Having already played Jackie Robinson and James Brown, Chadwick Boseman will take on another real-life icon in a courtroom thriller about Thurgood Marshall.
To be directed by Reginald Hudlin, producers announced Wednesday that Boseman will star as the legendary attorney in "Marshall," a film that will focus on a case early in the career of the Supreme Court justice.
Via the press announcement: “As the nation teeters on the brink of WWII, a nearly bankrupt NAACP sends Marshall to conservative Connecticut to defend a black chauffeur against his wealthy socialite employer in a sexual assault and attempted murder trial that quickly became tabloid fodder. In need of a high profile victory but muzzled by a segregationist court, Marshall is partnered with Samuel Friedman, a young Jewish lawyer who has never tried a case. Marshall and Friedman struggle against a hostile storm of fear and prejudice, driven to discover the truth in the sensationalized trial which helped set the groundwork for the Civil Rights Movement to come.”
Production is set to begin this week in Los Angeles. No other casting details are available at this time.

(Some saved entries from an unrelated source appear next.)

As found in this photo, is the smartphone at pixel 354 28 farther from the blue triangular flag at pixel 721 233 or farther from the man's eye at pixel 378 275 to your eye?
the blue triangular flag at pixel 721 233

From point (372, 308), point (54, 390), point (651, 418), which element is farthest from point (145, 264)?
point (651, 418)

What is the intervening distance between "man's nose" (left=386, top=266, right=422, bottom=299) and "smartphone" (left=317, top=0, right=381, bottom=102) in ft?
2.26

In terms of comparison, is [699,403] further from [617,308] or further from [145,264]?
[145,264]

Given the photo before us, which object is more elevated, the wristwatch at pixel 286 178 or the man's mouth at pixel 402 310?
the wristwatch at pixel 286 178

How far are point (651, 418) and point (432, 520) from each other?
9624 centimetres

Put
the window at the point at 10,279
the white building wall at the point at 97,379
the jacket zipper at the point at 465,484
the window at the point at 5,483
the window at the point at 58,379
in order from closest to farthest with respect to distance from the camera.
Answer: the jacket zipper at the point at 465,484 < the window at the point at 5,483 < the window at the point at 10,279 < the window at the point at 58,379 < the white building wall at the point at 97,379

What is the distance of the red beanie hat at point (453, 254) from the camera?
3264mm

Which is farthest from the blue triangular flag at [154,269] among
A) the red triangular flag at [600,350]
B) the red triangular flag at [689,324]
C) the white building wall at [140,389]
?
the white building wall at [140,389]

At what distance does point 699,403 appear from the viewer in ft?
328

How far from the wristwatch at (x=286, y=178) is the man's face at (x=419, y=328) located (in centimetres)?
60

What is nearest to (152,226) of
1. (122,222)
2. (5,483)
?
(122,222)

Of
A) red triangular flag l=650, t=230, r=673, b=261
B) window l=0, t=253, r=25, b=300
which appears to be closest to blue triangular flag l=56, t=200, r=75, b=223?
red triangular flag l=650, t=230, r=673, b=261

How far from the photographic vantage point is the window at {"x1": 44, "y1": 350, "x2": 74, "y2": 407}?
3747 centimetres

Another movie featuring Marshall as a young lawyer is in the works. Lionsgate is developing an adaptation of Gilbert King’s Pulitzer Prize-winning book "The Devil in the Grove," with Anton Corbijn to direct.
Thurgood Marshall was confirmed as the first black Supreme Court justice on August 30, 1967.
In April 2008, Laurence Fishburne returned to the stage in the Broadway production of "Thurgood," a play by George Stevens, Jr.
He won the Drama Desk Award for Outstanding One-Person Show for his performance.
And on February 24, 2011, HBO aired a filmed version of the 90-minute play, performed at the John F. Kennedy Center for the Performing Arts.
Fishburne was also nominated for the stage’s highest honor, the Tony Award, for his performance in "Thurgood."
Most recently, Danny Glover played Thurgood Marshall in Stephen Frears’ Muhammad Ali film for HBO. Titled "Muhammad Ali’s Greatest Fight," the film will took place in 1967, as then Heavy Weight Champion of the World Muhammad Ali refused to enlist and go fight for the USA in Vietnam; his objections to the war were very public, he was convicted and sentenced to serve time in prison, during which he appealed his case that would go all the way to the Supreme Court when Marshall was a sitting judge.
Boseman, who co-stars as the Black Panther in Marvel’s upcoming "Captain America: Civil War," broke out in the Robinson biopic "41," which he followed with "Get on Up."
"Marshall" is being financed by China-based Super Hero Films, Ltd. with Paula Wagner ("Mission Impossible") producing through her Chestnut Ridge Productions banner.
Hudlin, Jonathan Sanger, and Super Hero Films’ Jun Dong are also producing from a screenplay by trial lawyer Michael Koskoff and his son Jacob Koskoff.
The film is being produced with the full cooperation of the Thurgood Marshall and Samuel Friedman estates.